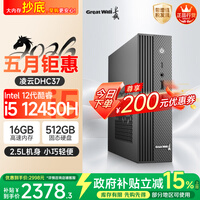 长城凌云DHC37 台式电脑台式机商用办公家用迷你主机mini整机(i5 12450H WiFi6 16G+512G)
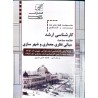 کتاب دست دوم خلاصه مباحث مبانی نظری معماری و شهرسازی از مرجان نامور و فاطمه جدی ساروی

--

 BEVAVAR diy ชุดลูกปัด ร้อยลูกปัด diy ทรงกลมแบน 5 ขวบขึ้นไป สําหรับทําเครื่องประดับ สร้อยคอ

■ Task to complete:
Would you copy out, exactly and with no pictures, only the lines above from the one that contains "长城凌云DHC37 台式电脑台式机商用办公家用迷你主机mini整机(i5 12450H" through the one that contains "کتاب دست دوم"?

■ Output for this task:
 长城凌云DHC37 台式电脑台式机商用办公家用迷你主机mini整机(i5 12450H WiFi6 16G+512G)
 کتاب دست دوم خلاصه مباحث مبانی نظری معماری و شهرسازی از مرجان نامور و فاطمه جدی ساروی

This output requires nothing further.